I installed new windows on my another hard disk d:. It is now my default drive. Because the windows on drive C, can't be repaired maybe because of the corrupted or missing files on the windows, after I did everything I saw on internet ways to fix it. So, I have no choice but to installed new windows but it was installed on drive D. Is it okay if I will delete the other windows file on drive C?

Thank you!


----------



## TwoCables

Keitz said:


> Hi.
> I installed new windows on my another hard disk d:. It is now my default drive. Because the windows on drive C, can't be repaired maybe because of the corrupted or missing files on the windows, after I did everything I saw on internet ways to fix it. So, I have no choice but to installed new windows but it was installed on drive D. Is it okay if I will delete the other windows file on drive C?
> 
> Thank you!


Try to start your computer with your Windows installation media and use the Repair options on it. You might be able to save it.

If you are ok with losing everything you had before, then yes, it will be safe to format the other drive that contains the bad installation of Windows. Again though, you might be able to repair it.


----------



## Keitz

TwoCables said:


> Try to start your computer with your Windows installation media and use the Repair options on it. You might be able to save it.
> 
> If you are ok with losing everything you had before, then yes, it will be safe to format the other drive that contains the bad installation of Windows. Again though, you might be able to repair it.




Hello, yes I do not have important files on were the bad installation windows was installed. I've already tried many times repairing it using windows installation media and tried everything in Repair options but I got no luck.

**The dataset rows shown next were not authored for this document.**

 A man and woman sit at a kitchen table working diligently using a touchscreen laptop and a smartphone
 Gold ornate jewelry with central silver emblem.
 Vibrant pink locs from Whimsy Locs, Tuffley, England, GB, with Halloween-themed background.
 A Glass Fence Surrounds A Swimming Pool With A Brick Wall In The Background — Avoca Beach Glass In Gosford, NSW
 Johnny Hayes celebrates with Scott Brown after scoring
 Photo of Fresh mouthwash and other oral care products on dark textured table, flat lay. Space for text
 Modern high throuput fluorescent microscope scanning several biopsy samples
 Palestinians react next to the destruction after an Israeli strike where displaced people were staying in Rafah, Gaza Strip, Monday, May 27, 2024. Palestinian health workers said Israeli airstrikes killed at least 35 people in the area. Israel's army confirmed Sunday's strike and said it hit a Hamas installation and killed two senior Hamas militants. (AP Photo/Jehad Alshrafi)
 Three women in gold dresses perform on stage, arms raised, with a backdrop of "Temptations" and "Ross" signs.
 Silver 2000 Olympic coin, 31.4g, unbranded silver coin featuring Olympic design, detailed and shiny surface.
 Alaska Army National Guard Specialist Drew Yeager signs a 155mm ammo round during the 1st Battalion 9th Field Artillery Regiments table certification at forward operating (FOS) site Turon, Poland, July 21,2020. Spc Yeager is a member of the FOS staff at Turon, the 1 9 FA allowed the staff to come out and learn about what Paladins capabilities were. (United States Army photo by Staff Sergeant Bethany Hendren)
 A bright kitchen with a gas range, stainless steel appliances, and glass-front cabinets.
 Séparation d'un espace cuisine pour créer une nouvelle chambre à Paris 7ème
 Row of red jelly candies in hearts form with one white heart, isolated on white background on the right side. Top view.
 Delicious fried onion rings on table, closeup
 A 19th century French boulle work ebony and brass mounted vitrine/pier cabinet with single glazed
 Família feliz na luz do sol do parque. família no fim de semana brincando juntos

Its still the same. So I downloaded the new windows in another drive. Now its working properly.

Thank you for your reply. 😊


----------



## shilka

Did anyboyd look at the date of the thread before they posted its a thread from 2011


----------



## HowYesNo

well maybe he did not want to open a new thread.
well witt windows on sad hhd just different partition, not sure if you can just format C partition. possible no boot after as new instalation could made dual boot info.
just do a clean instal. download iso, rufus it on usb drive, during instal delete all partitions on hdd and instal on all empty space.


----------



## Keitz

HowYesNo said:


> well maybe he did not want to open a new thread.
> well witt windows on sad hhd just different partition, not sure if you can just format C partition. possible no boot after as new instalation could made dual boot info.
> just do a clean instal. download iso, rufus it on usb drive, during instal delete all partitions on hdd and instal on all empty space.


Okay thank you.


----------



## TwoCables

Keitz said:


> Hello, yes I do not have important files on were the bad installation windows was installed. I've already tried many times repairing it using windows installation media and tried everything in Repair options but I got no luck. Its still the same. So I downloaded the new windows in another drive. Now its working properly.
> 
> Thank you for your reply. 😊


You're welcome! I'm happy to see you're all set.


----------